RECORDS TO USE START

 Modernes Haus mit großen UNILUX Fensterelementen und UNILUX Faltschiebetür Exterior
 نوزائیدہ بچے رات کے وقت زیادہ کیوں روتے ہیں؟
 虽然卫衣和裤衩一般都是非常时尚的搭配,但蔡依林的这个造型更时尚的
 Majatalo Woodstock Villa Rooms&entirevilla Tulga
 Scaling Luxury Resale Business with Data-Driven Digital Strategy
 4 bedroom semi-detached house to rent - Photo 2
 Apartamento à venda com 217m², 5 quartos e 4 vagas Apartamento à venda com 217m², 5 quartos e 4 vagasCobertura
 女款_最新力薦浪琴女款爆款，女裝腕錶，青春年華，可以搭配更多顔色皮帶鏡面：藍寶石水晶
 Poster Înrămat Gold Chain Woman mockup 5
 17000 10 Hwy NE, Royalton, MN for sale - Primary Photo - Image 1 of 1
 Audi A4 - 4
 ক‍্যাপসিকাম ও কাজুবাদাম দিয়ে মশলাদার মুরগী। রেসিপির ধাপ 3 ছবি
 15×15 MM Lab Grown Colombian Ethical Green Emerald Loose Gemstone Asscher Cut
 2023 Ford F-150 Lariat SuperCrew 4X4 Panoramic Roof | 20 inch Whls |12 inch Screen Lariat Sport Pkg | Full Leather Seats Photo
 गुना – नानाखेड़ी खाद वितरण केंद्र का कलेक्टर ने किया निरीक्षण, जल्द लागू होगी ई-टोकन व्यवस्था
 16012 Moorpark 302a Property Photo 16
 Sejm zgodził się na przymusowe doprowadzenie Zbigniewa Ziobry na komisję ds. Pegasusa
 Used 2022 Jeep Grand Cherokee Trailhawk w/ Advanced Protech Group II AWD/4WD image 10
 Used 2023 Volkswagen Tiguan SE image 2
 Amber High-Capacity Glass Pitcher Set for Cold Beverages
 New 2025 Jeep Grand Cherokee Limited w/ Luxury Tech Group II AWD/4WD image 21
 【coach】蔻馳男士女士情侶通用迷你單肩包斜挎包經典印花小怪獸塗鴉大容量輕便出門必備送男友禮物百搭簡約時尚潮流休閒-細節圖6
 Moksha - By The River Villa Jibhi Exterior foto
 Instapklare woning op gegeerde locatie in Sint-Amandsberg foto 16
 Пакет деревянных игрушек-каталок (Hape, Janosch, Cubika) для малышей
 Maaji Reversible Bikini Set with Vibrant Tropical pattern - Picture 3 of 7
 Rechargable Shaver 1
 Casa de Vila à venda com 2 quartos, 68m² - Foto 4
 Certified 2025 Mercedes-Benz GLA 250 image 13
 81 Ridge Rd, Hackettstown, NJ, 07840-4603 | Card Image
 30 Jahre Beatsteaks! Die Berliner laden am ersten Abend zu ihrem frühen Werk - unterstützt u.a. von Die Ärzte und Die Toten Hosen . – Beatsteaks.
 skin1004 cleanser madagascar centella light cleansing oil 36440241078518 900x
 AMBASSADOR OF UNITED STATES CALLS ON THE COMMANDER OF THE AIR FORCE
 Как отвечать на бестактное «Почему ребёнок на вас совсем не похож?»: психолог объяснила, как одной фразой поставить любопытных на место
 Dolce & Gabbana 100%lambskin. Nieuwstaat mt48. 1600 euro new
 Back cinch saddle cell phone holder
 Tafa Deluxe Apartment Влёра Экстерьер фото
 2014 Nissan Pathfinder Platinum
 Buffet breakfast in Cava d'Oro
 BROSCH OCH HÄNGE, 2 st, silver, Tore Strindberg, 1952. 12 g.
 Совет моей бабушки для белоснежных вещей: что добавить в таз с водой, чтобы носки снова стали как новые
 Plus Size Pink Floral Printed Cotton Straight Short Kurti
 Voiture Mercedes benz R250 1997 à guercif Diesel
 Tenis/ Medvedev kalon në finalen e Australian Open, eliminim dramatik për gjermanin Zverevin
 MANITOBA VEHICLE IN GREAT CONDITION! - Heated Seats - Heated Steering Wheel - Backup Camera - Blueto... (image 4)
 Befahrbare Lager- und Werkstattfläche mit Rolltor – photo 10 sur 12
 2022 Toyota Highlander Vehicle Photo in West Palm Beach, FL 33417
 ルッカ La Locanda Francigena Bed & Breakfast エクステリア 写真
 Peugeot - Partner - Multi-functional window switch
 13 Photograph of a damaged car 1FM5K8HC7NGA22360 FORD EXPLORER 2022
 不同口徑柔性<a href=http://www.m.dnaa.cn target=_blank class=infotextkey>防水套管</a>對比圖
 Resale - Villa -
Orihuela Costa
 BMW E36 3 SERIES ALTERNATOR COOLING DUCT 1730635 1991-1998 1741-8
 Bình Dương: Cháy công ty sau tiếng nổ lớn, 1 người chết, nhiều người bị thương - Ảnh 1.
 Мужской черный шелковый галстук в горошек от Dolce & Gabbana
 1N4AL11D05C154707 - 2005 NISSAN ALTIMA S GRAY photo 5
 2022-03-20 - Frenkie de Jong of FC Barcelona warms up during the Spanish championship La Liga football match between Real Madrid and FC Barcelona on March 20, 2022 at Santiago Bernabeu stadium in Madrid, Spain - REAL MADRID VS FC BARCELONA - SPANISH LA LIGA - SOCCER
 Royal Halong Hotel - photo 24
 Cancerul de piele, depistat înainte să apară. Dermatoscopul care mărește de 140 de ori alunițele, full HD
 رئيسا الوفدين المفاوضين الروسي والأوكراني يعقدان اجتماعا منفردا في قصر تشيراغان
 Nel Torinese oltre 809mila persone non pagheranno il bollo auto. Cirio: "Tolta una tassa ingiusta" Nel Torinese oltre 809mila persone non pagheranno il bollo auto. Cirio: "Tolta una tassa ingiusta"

RECORDS TO USE END

**REQUIRED WORK:** Set down the entries again exactly as they are.

**ANSWER SPACE:**
 Modernes Haus mit großen UNILUX Fensterelementen und UNILUX Faltschiebetür Exterior
 نوزائیدہ بچے رات کے وقت زیادہ کیوں روتے ہیں؟
 虽然卫衣和裤衩一般都是非常时尚的搭配,但蔡依林的这个造型更时尚的
 Majatalo Woodstock Villa Rooms&entirevilla Tulga
 Scaling Luxury Resale Business with Data-Driven Digital Strategy
 4 bedroom semi-detached house to rent - Photo 2
 Apartamento à venda com 217m², 5 quartos e 4 vagas Apartamento à venda com 217m², 5 quartos e 4 vagasCobertura
 女款_最新力薦浪琴女款爆款，女裝腕錶，青春年華，可以搭配更多顔色皮帶鏡面：藍寶石水晶
 Poster Înrămat Gold Chain Woman mockup 5
 17000 10 Hwy NE, Royalton, MN for sale - Primary Photo - Image 1 of 1
 Audi A4 - 4
 ক‍্যাপসিকাম ও কাজুবাদাম দিয়ে মশলাদার মুরগী। রেসিপির ধাপ 3 ছবি
 15×15 MM Lab Grown Colombian Ethical Green Emerald Loose Gemstone Asscher Cut
 2023 Ford F-150 Lariat SuperCrew 4X4 Panoramic Roof | 20 inch Whls |12 inch Screen Lariat Sport Pkg | Full Leather Seats Photo
 गुना – नानाखेड़ी खाद वितरण केंद्र का कलेक्टर ने किया निरीक्षण, जल्द लागू होगी ई-टोकन व्यवस्था
 16012 Moorpark 302a Property Photo 16
 Sejm zgodził się na przymusowe doprowadzenie Zbigniewa Ziobry na komisję ds. Pegasusa
 Used 2022 Jeep Grand Cherokee Trailhawk w/ Advanced Protech Group II AWD/4WD image 10
 Used 2023 Volkswagen Tiguan SE image 2
 Amber High-Capacity Glass Pitcher Set for Cold Beverages
 New 2025 Jeep Grand Cherokee Limited w/ Luxury Tech Group II AWD/4WD image 21
 【coach】蔻馳男士女士情侶通用迷你單肩包斜挎包經典印花小怪獸塗鴉大容量輕便出門必備送男友禮物百搭簡約時尚潮流休閒-細節圖6
 Moksha - By The River Villa Jibhi Exterior foto
 Instapklare woning op gegeerde locatie in Sint-Amandsberg foto 16
 Пакет деревянных игрушек-каталок (Hape, Janosch, Cubika) для малышей
 Maaji Reversible Bikini Set with Vibrant Tropical pattern - Picture 3 of 7
 Rechargable Shaver 1
 Casa de Vila à venda com 2 quartos, 68m² - Foto 4
 Certified 2025 Mercedes-Benz GLA 250 image 13
 81 Ridge Rd, Hackettstown, NJ, 07840-4603 | Card Image
 30 Jahre Beatsteaks! Die Berliner laden am ersten Abend zu ihrem frühen Werk - unterstützt u.a. von Die Ärzte und Die Toten Hosen . – Beatsteaks.
 skin1004 cleanser madagascar centella light cleansing oil 36440241078518 900x
 AMBASSADOR OF UNITED STATES CALLS ON THE COMMANDER OF THE AIR FORCE
 Как отвечать на бестактное «Почему ребёнок на вас совсем не похож?»: психолог объяснила, как одной фразой поставить любопытных на место
 Dolce & Gabbana 100%lambskin. Nieuwstaat mt48. 1600 euro new
 Back cinch saddle cell phone holder
 Tafa Deluxe Apartment Влёра Экстерьер фото
 2014 Nissan Pathfinder Platinum
 Buffet breakfast in Cava d'Oro
 BROSCH OCH HÄNGE, 2 st, silver, Tore Strindberg, 1952. 12 g.
 Совет моей бабушки для белоснежных вещей: что добавить в таз с водой, чтобы носки снова стали как новые
 Plus Size Pink Floral Printed Cotton Straight Short Kurti
 Voiture Mercedes benz R250 1997 à guercif Diesel
 Tenis/ Medvedev kalon në finalen e Australian Open, eliminim dramatik për gjermanin Zverevin
 MANITOBA VEHICLE IN GREAT CONDITION! - Heated Seats - Heated Steering Wheel - Backup Camera - Blueto... (image 4)
 Befahrbare Lager- und Werkstattfläche mit Rolltor – photo 10 sur 12
 2022 Toyota Highlander Vehicle Photo in West Palm Beach, FL 33417
 ルッカ La Locanda Francigena Bed & Breakfast エクステリア 写真
 Peugeot - Partner - Multi-functional window switch
 13 Photograph of a damaged car 1FM5K8HC7NGA22360 FORD EXPLORER 2022
 不同口徑柔性<a href=http://www.m.dnaa.cn target=_blank class=infotextkey>防水套管</a>對比圖
 Resale - Villa -
Orihuela Costa
 BMW E36 3 SERIES ALTERNATOR COOLING DUCT 1730635 1991-1998 1741-8
 Bình Dương: Cháy công ty sau tiếng nổ lớn, 1 người chết, nhiều người bị thương - Ảnh 1.
 Мужской черный шелковый галстук в горошек от Dolce & Gabbana
 1N4AL11D05C154707 - 2005 NISSAN ALTIMA S GRAY photo 5
 2022-03-20 - Frenkie de Jong of FC Barcelona warms up during the Spanish championship La Liga football match between Real Madrid and FC Barcelona on March 20, 2022 at Santiago Bernabeu stadium in Madrid, Spain - REAL MADRID VS FC BARCELONA - SPANISH LA LIGA - SOCCER
 Royal Halong Hotel - photo 24
 Cancerul de piele, depistat înainte să apară. Dermatoscopul care mărește de 140 de ori alunițele, full HD
 رئيسا الوفدين المفاوضين الروسي والأوكراني يعقدان اجتماعا منفردا في قصر تشيراغان
 Nel Torinese oltre 809mila persone non pagheranno il bollo auto. Cirio: "Tolta una tassa ingiusta" Nel Torinese oltre 809mila persone non pagheranno il bollo auto. Cirio: "Tolta una tassa ingiusta"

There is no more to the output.